Assigned task
Set down, please, exactly the lines below that run from the line with "Exterior view of" to the line with "Three Tigre Ciego", both lines included.

Data records
◆ ◆ ◆ ◆ ◆
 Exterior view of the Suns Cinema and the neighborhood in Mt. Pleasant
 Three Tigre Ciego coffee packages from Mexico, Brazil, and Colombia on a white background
◆ ◆ ◆ ◆ ◆
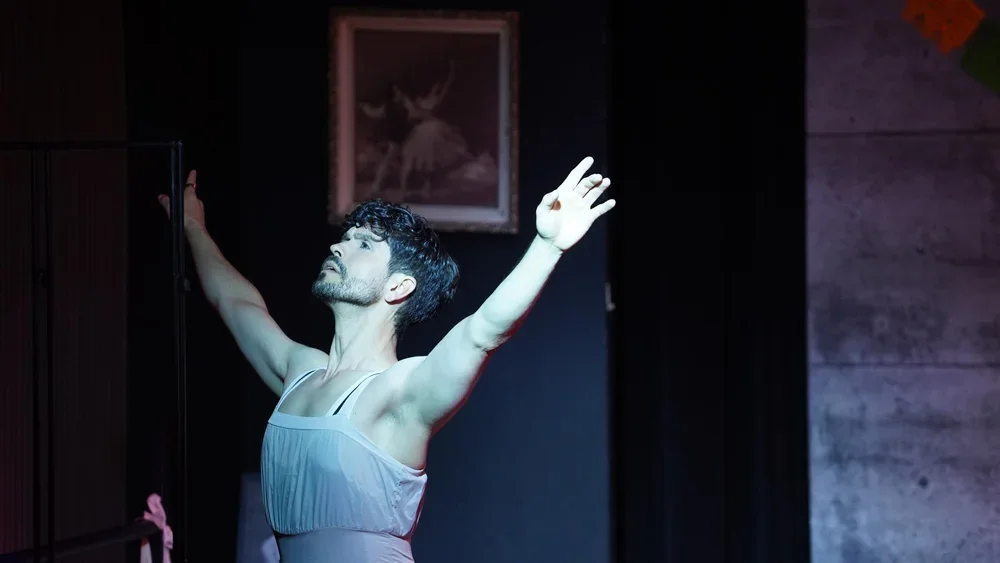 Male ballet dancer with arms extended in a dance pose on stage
◆ ◆ ◆ ◆ ◆
Exercise result
 Exterior view of the Suns Cinema and the neighborhood in Mt. Pleasant
 Three Tigre Ciego coffee packages from Mexico, Brazil, and Colombia on a white background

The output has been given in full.